* **RECORDS TO USE**

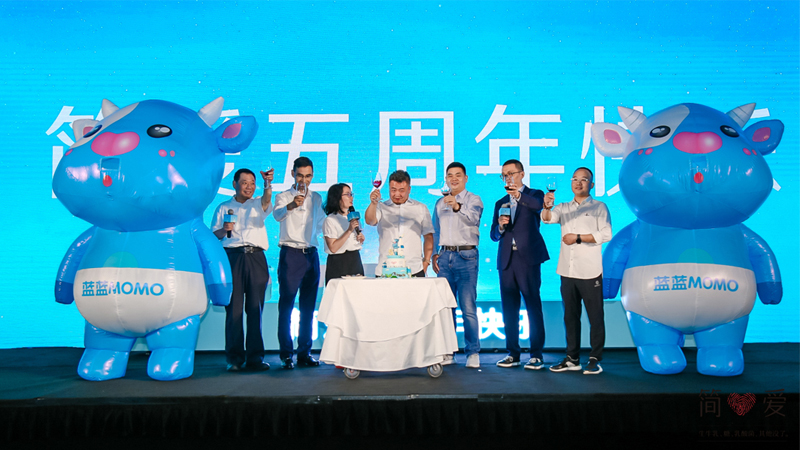 ����ӛ�������ƵZ�^�M(j��n)����������5�������Ցc��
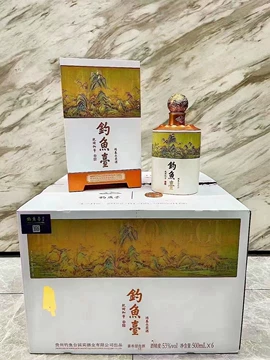 【さんさん】釣魚臺 醤香型白酒 钓鱼台酱香型白酒-钓鱼台酱香型白酒促销价格、钓鱼台酱香型白酒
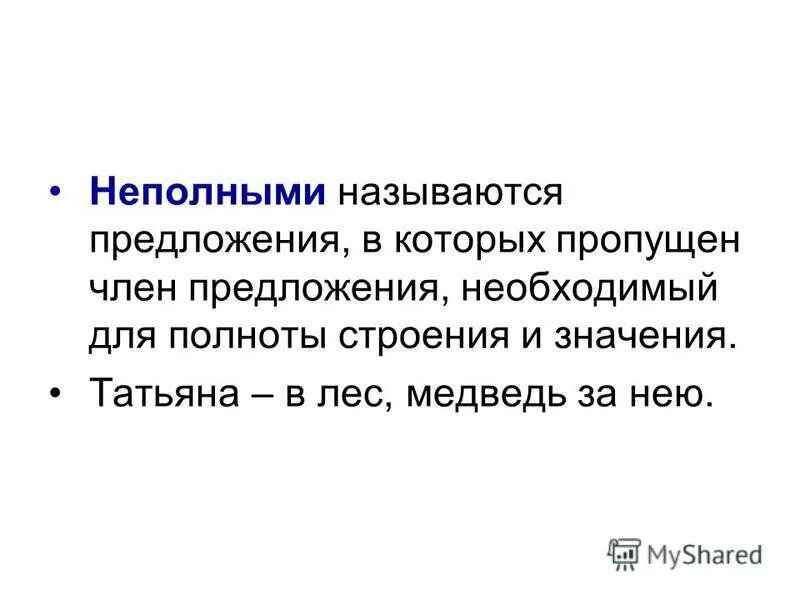 Неполными называются предложения в которых. Неполными называются предложения в которых. Неполные предложения. Простое неполное предложение примеры. Неполными называются предложения в которых.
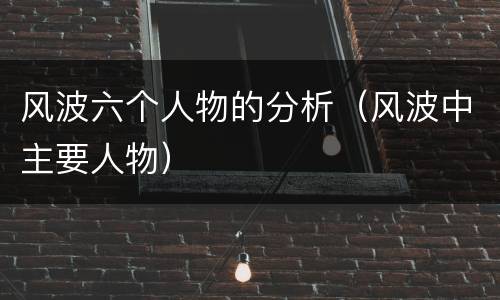 风波六个人物的分析（风波中主要人物）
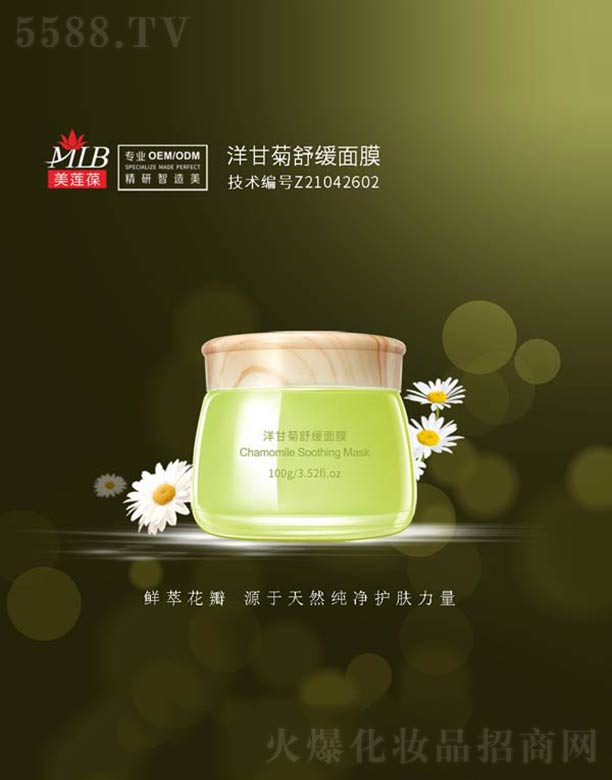 ��ʾ��澏��Ĥ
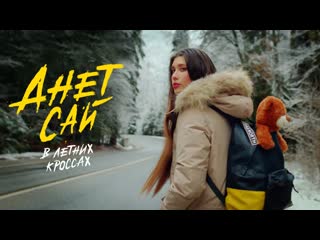 Анет сай в летних кроссах (mood video, 2021)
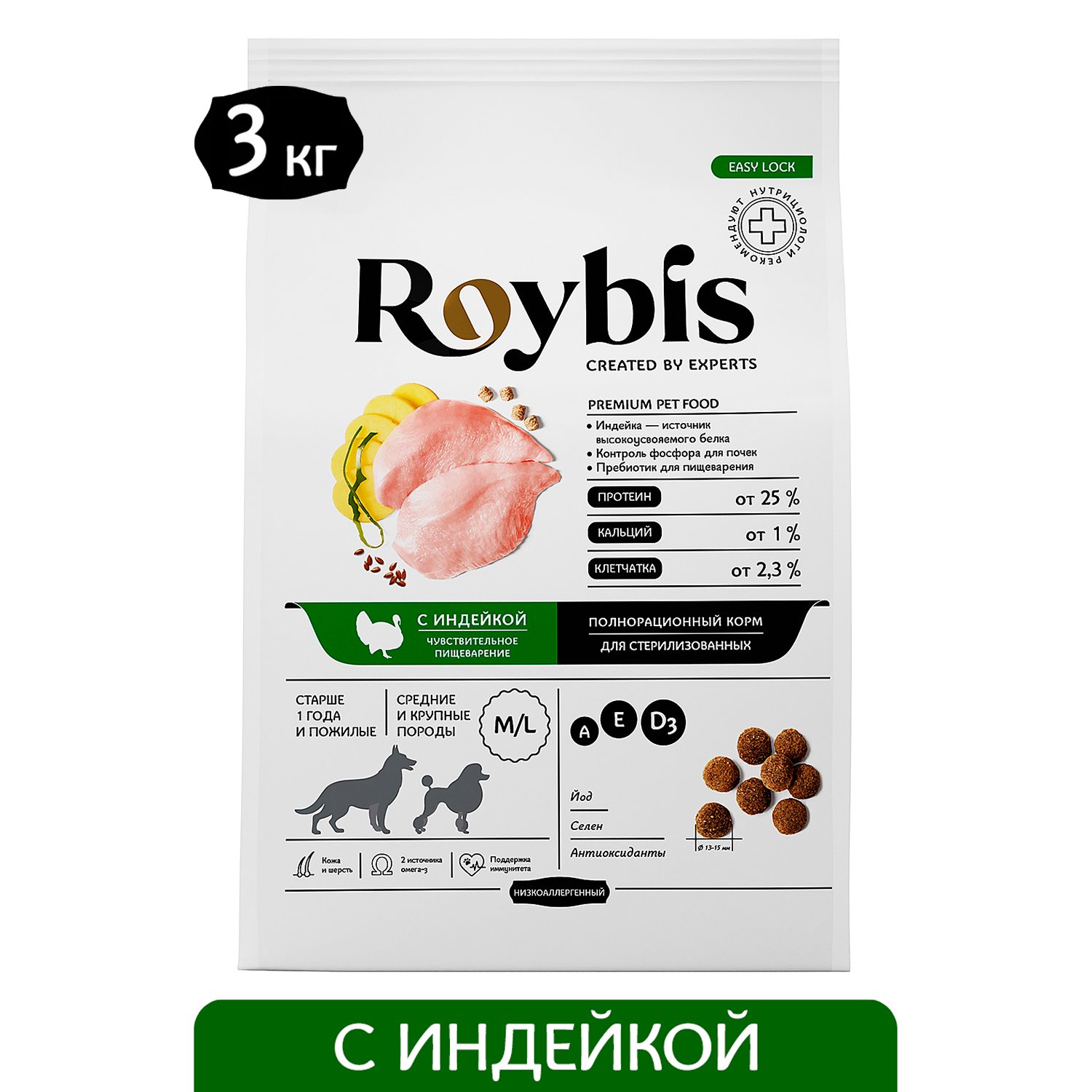 Корм для собак Roybis 3кг средних и крупных пород с чувствительным пищеварением стерилизованных с индейкой сухой - фото 1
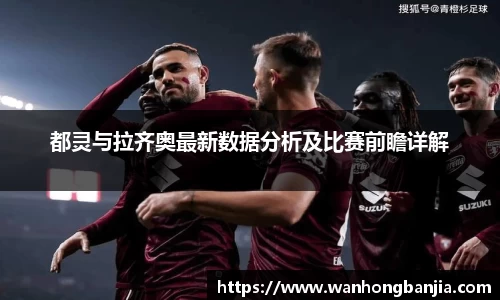 emc易倍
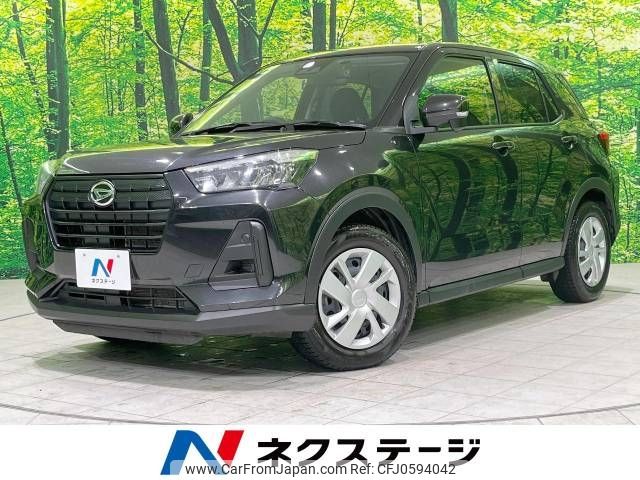 daihatsu rocky 2022 -DAIHATSU--Rocky 3BA-A210S--A210S-0017785---DAIHATSU--Rocky 3BA-A210S--A210S-0017785- image 1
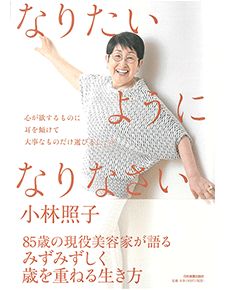 なりたいようになりなさい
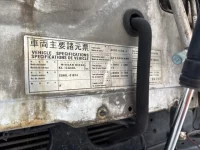 Nissan BIGTHUMB лот № 4441 оценка 3  с аукциона в Японии 6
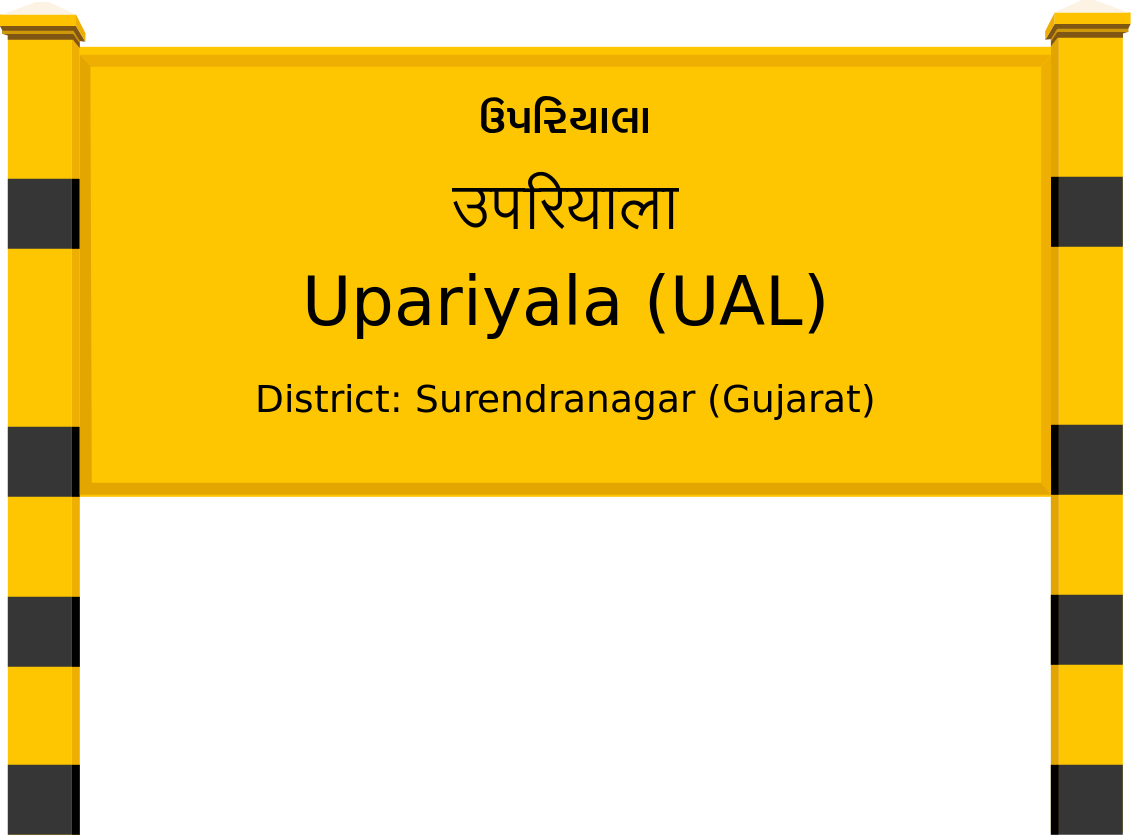 Upariyala (UAL) Railway Station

* **TASK DESCRIPTION**
Where a line contains "Корм для собак", begin there and set down exactly each line through the end of the data above, omitting any pictures.

* **PROBLEM SOLUTION**
 Корм для собак Roybis 3кг средних и крупных пород с чувствительным пищеварением стерилизованных с индейкой сухой - фото 1
 emc易倍
 daihatsu rocky 2022 -DAIHATSU--Rocky 3BA-A210S--A210S-0017785---DAIHATSU--Rocky 3BA-A210S--A210S-0017785- image 1
 なりたいようになりなさい
 Nissan BIGTHUMB лот № 4441 оценка 3  с аукциона в Японии 6
 Upariyala (UAL) Railway Station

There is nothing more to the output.